As the fatherless son of a widow, I have no problem with James’ exhortation to help out the fatherless and the widow. And in the old covenant, this was something that earned you points with God (Deu 24:19-21). James is Jewish so he understands this, and he’s writing to Jewish people who are familiar with the law of Moses.
But is James preaching law? Is he selling the free favor of God?
Not a chance! James has just told us about a God “who gives generously” (v.5), who provides us with “every good and perfect gift” (v.17), including the living Word of his Son (v.20-22).
James draws a big fat line between the law of Moses that binds and the perfect law of liberty that makes us free (v.25).
Paul preached to Gentiles; James preached to Jews. Paul preached to people who never had the law; James preached to those who took pride in keeping it. This is why he says:
If anyone among you thinks he is religious… (Jas 1:26)
In other words, “Religion counts for nothing, however, if you insist on thinking of yourself as religious, perhaps because you’ve been raised on a diet of law, then here’s how to be religious.”
2. Nope, religion is bad, but if you must play that game here are the rules
And what form does James’ religion take? Do we get the Ten Commandments? Nope. Do we get all 613 ceremonial observances? No. All we get are two instructions.
First, take care of the fatherless and widows, not because this supersedes the work of Jesus, but because they are dying. Jerusalem was in a famine (Acts 11:28). You’ve probably never experienced a famine, but in those days a famine meant there was no food, which meant you were going to die slowly and painfully. And the first to die would be those without breadwinners, namely, the fatherless and the widows.
Paul travelled the world raising money to feed the starving saints in Jerusalem (Rom 15:25-26), yet no one calls him religious. Nor is James being religious here.
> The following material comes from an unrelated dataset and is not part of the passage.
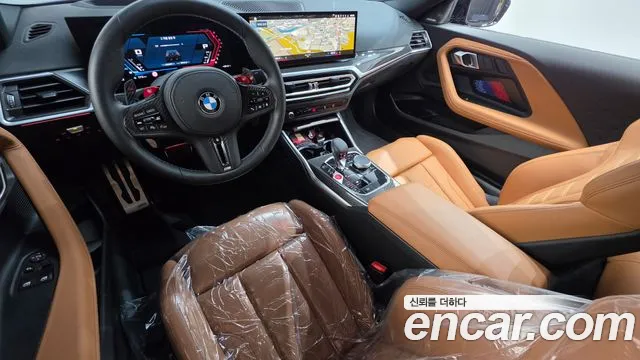 BMW M2 G87 — Фото автомобиля 7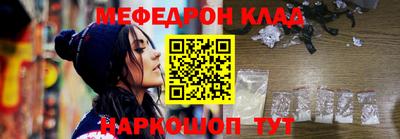 spice Ипатово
He is simply dealing with the number one need of his church. “You guys who pride yourself on being religious, help the starving poor!” Amen.
Second, keep yourself unspotted from the world, not in a Pharisaical sense of withdrawing into religious cliques, but in a Christlike sense of being in the world but not of it. James is saying the same thing Jesus said in Matthew 16:26 (“What good will it be for a man if he gains the whole world, yet forfeits his soul”), and Paul said in 2 Corinthians 6:14-17 (“Do not be yoked together with unbelievers… come out and be separate….”).
It is the way of the world to advance yourself through self-improvement. You may call it religion or careerism or whatever label you like, but it’s all a flesh-trip. “Don’t buy into anything that promotes self-trust,” says James. “Don’t cheat on Jesus by embracing worldly religion.”
You adulterous people, don’t you know that friendship with the world means enmity against God? Therefore, anyone who chooses to be a friend of the world becomes an enemy of God. (James 4:4)
I’d rather be a friend of God and an enemy of religion, wouldn’t you?
Religion enslaves, but Jesus died to set you free from religious bonds. So be free and use your freedom to serve others in love – especially the fatherless and the widow or whoever you know who is going through tough times.